PROBLEM TO WORK ON
Copying rule for the data below: pictures stay out, and only the lines from the one with "Tổng hợp- Pha Kê Coffee House" down to the one with "Kostuum Stitch Angel Kigu 4-6 jaar", inclusive, are repeated exactly.

GIVEN DATA
▶

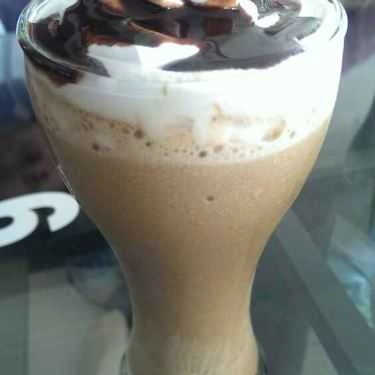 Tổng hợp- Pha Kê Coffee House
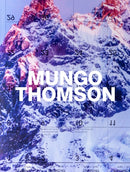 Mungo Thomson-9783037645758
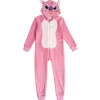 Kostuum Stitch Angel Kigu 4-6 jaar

◀
▶

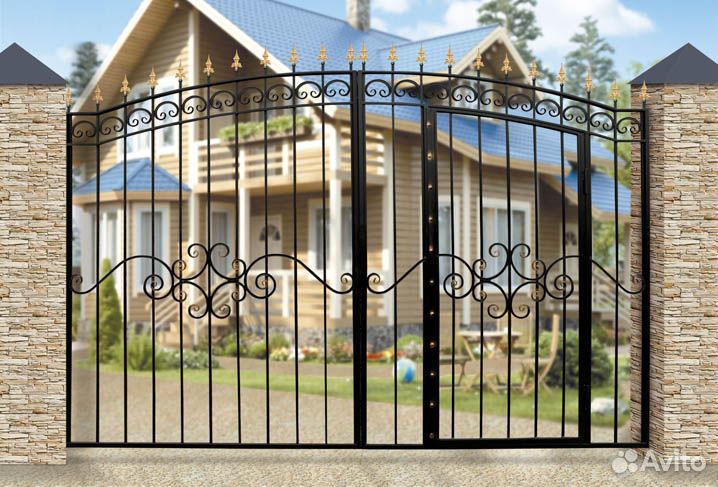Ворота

◀

ANSWER TO THE PROBLEM
 Tổng hợp- Pha Kê Coffee House
 Mungo Thomson-9783037645758
 Kostuum Stitch Angel Kigu 4-6 jaar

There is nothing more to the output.